***** Working data

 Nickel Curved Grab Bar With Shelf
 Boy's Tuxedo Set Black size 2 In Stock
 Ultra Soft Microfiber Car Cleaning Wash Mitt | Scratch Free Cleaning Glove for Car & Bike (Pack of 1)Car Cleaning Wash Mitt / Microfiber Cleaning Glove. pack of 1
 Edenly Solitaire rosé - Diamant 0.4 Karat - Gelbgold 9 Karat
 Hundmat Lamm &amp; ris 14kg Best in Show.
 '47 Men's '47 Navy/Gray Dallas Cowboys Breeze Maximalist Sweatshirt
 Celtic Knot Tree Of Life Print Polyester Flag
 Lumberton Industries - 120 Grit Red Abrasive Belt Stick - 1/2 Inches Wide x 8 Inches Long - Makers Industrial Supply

**********
***** Working data

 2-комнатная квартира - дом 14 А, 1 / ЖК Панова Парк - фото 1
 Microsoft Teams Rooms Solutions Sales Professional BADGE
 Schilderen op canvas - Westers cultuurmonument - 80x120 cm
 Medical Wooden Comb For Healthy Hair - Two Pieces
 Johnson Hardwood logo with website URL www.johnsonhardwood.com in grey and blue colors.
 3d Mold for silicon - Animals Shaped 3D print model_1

**********
***** Working data

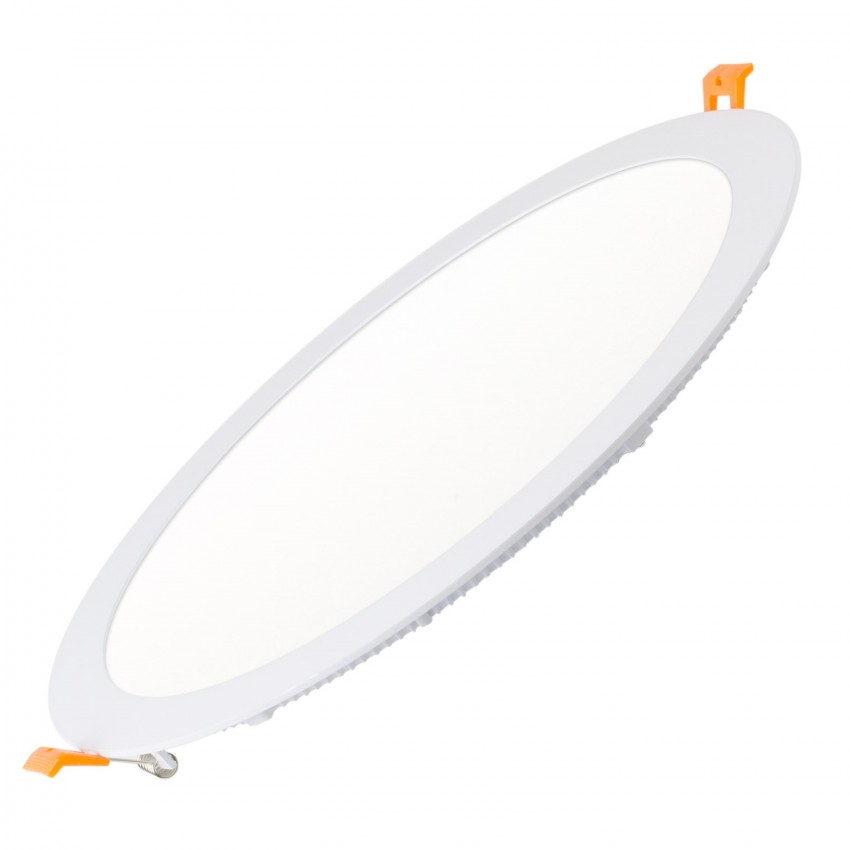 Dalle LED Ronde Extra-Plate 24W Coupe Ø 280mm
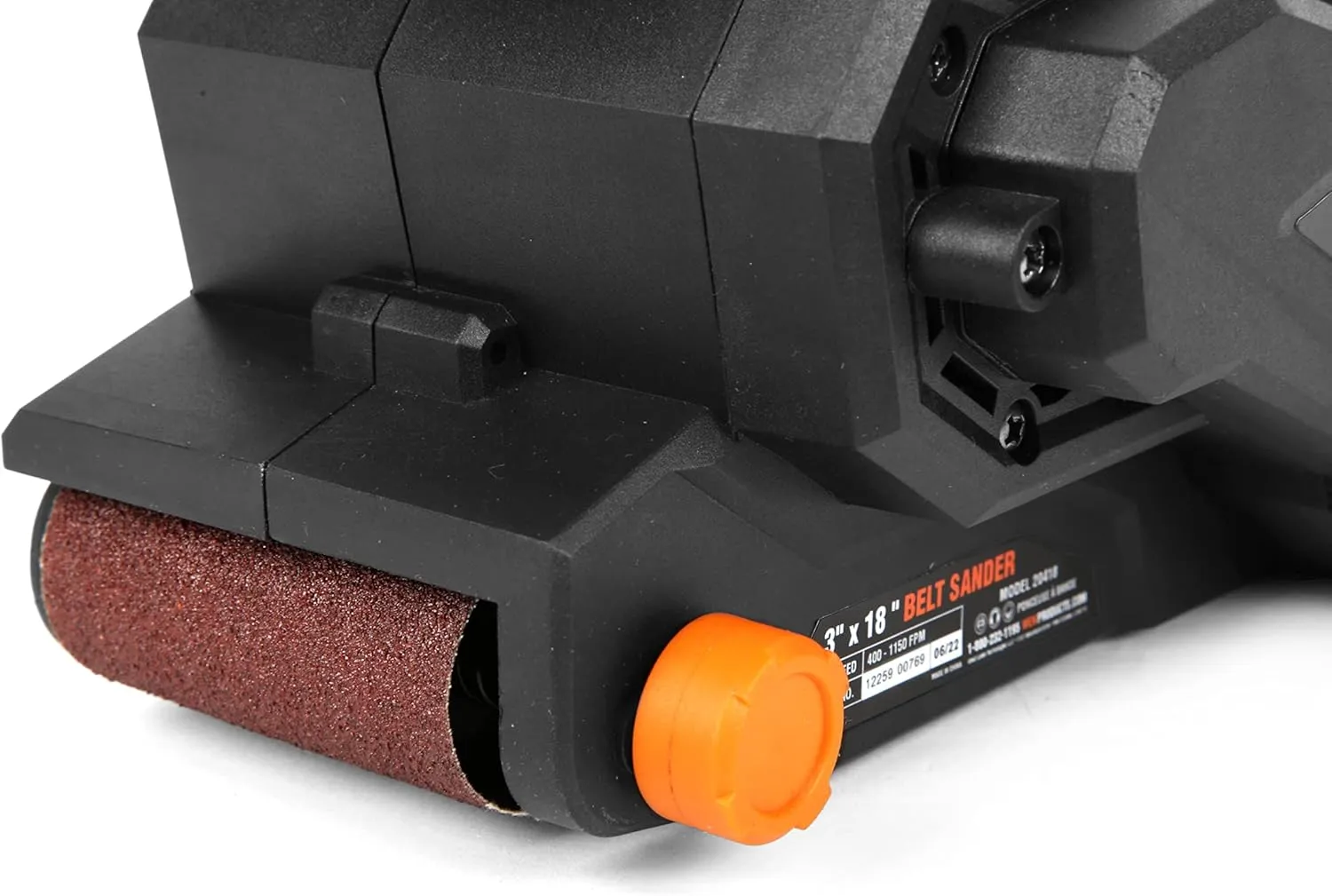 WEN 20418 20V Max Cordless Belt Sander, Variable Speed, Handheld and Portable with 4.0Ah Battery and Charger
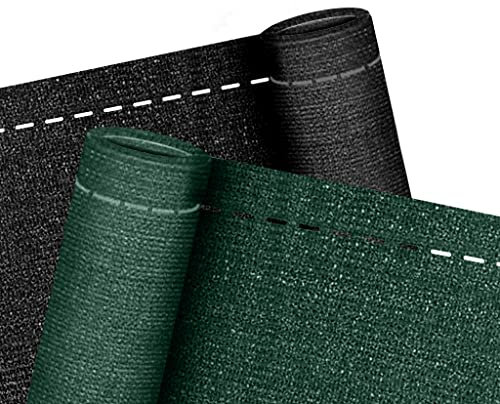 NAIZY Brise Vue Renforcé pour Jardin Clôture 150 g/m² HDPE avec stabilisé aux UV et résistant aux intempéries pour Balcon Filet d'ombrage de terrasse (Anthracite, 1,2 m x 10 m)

**********

» **Assignment**
Please reproduce, exactly as they appear above, the lines from the line containing "Hundmat Lamm &amp; ris 14kg Best in Show." up to and including the line containing "Lumberton Industries - 120".

» **Result**
 Hundmat Lamm &amp; ris 14kg Best in Show.
 '47 Men's '47 Navy/Gray Dallas Cowboys Breeze Maximalist Sweatshirt
 Celtic Knot Tree Of Life Print Polyester Flag
 Lumberton Industries - 120 Grit Red Abrasive Belt Stick - 1/2 Inches Wide x 8 Inches Long - Makers Industrial Supply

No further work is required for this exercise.